→ **What this task involves**:
Restate all of the following data exactly, keeping any images out of the copy.

→ **Data extract**:
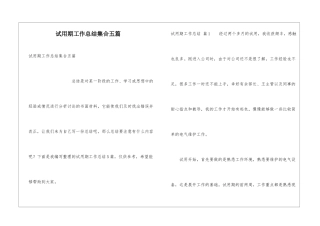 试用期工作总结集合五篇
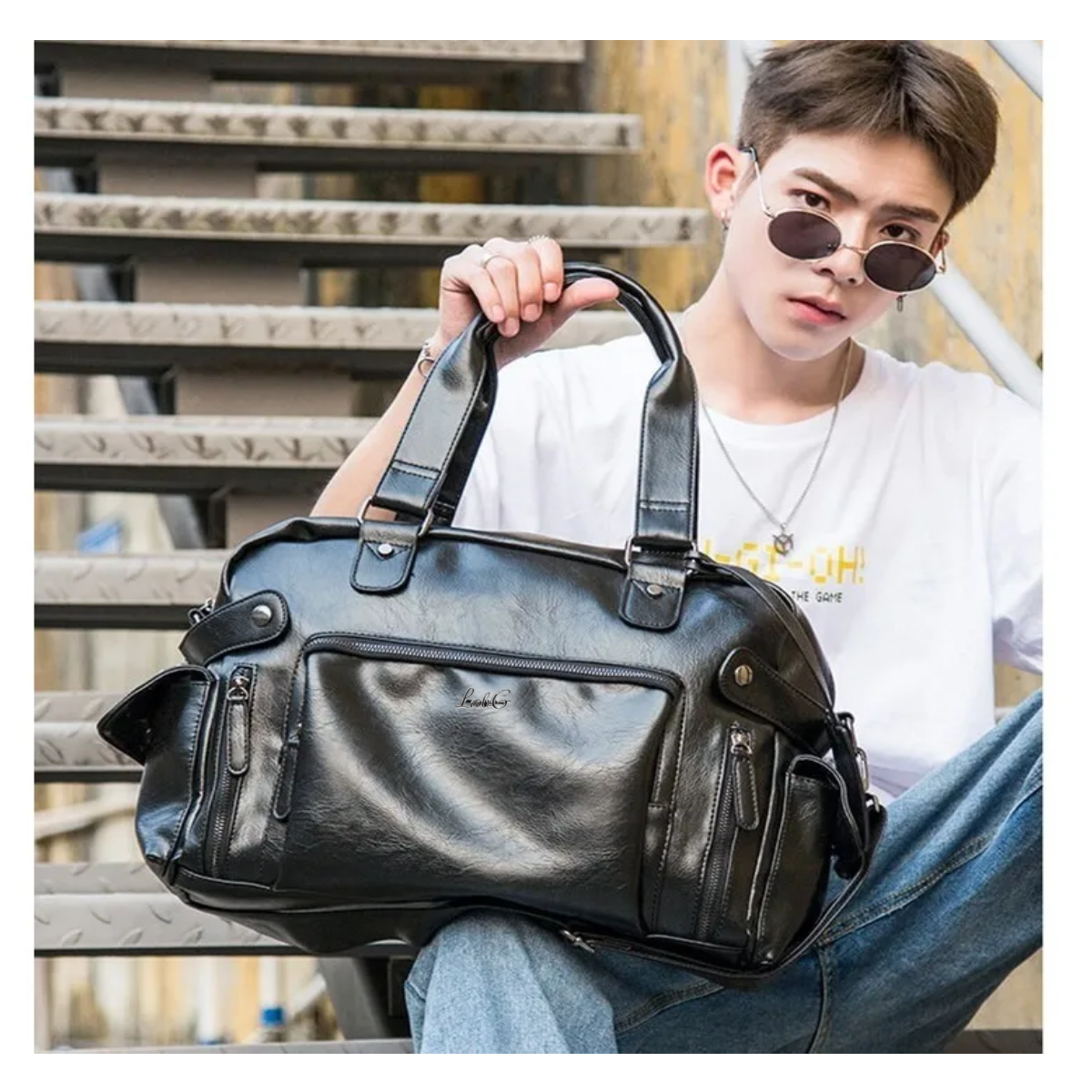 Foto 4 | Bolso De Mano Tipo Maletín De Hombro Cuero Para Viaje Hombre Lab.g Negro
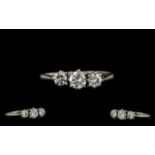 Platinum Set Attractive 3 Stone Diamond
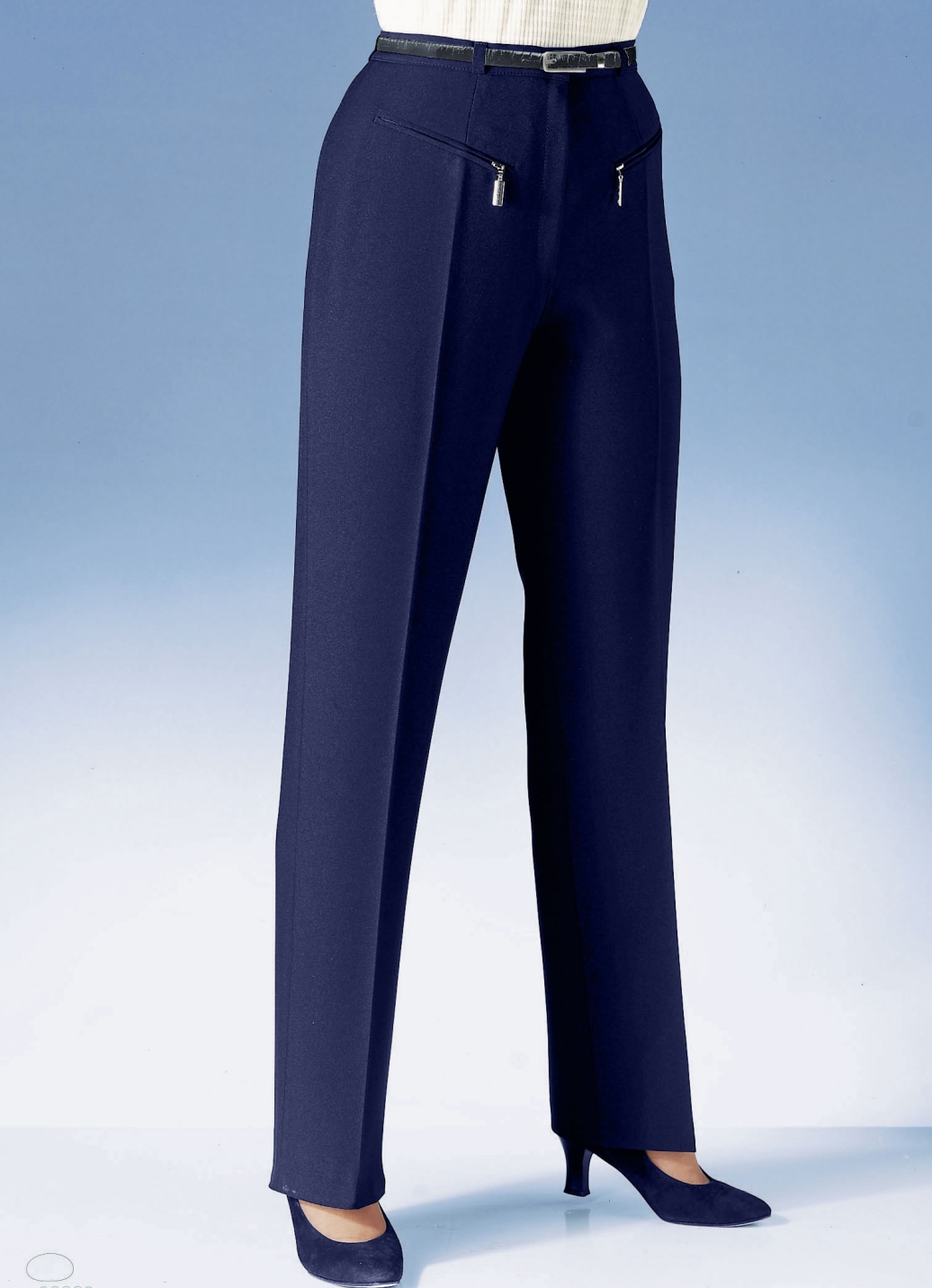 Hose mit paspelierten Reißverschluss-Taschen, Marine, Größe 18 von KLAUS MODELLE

→ **Answer section**:
 试用期工作总结集合五篇
 Foto 4 | Bolso De Mano Tipo Maletín De Hombro Cuero Para Viaje Hombre Lab.g Negro
 Platinum Set Attractive 3 Stone Diamond
 Hose mit paspelierten Reißverschluss-Taschen, Marine, Größe 18 von KLAUS MODELLE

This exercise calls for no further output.